- **GIVEN MATERIAL**:
· · · · ·

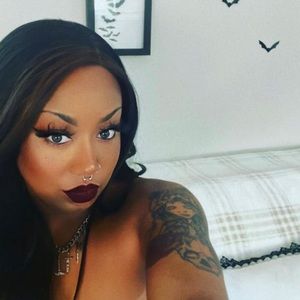 Meet your Posher, Jade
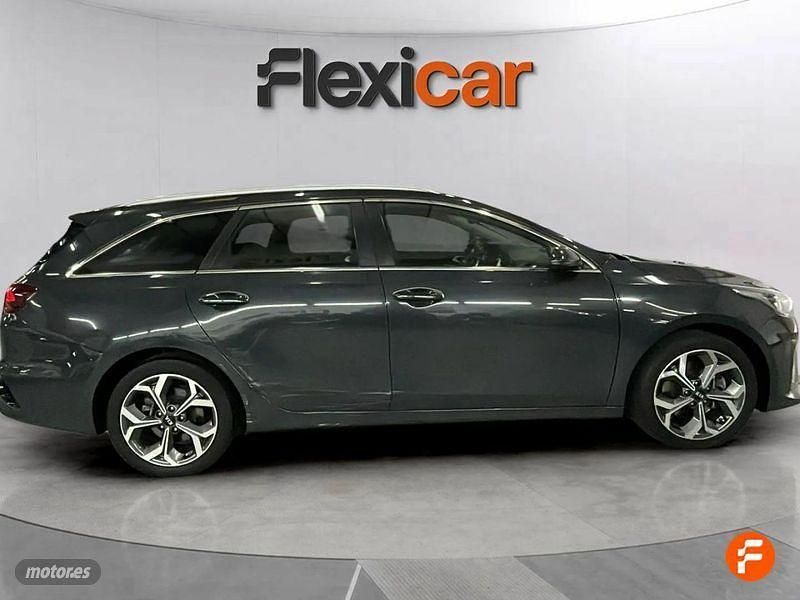 Usado Kia Ceed 141 CV (103 kW) 2021 Gris Utilitario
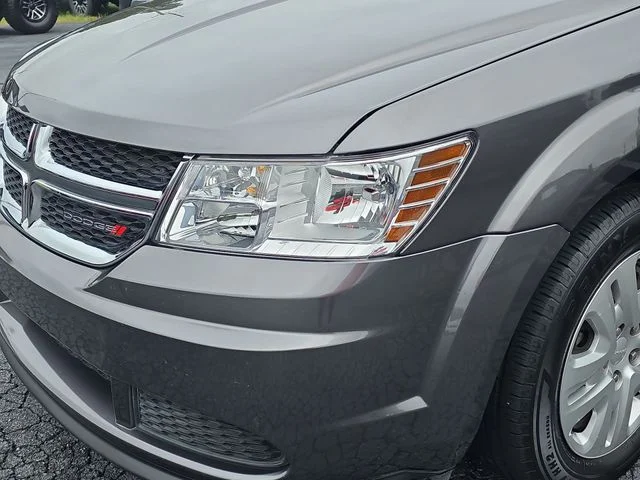 Used 2018 Gray Dodge SE image 32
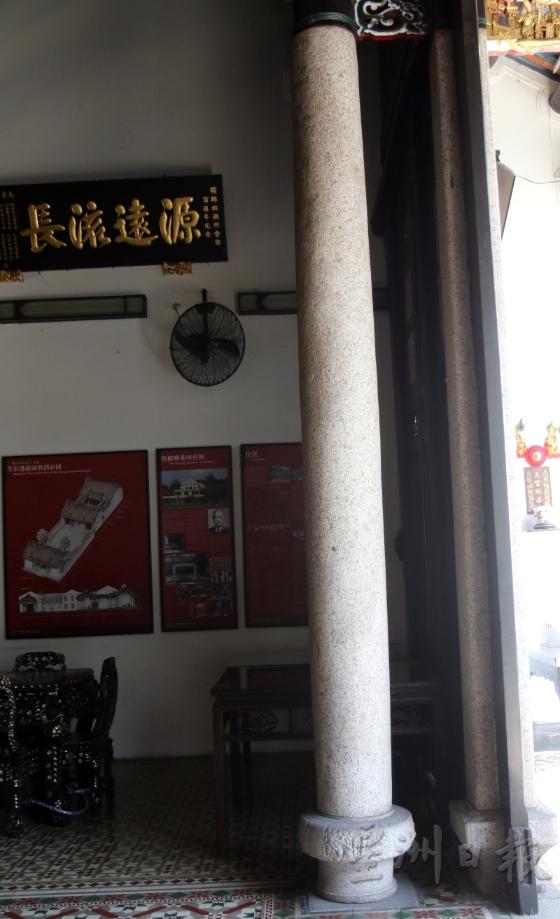 上下两头收小的“梭柱”是潮州建筑的特色。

· · · · ·

- **REQUIRED WORK**: Would you give the data above again word for word, skipping any images?

- **SOLUTION FOR THIS PROBLEM**:
 Meet your Posher, Jade
 Usado Kia Ceed 141 CV (103 kW) 2021 Gris Utilitario
 Used 2018 Gray Dodge SE image 32
 上下两头收小的“梭柱”是潮州建筑的特色。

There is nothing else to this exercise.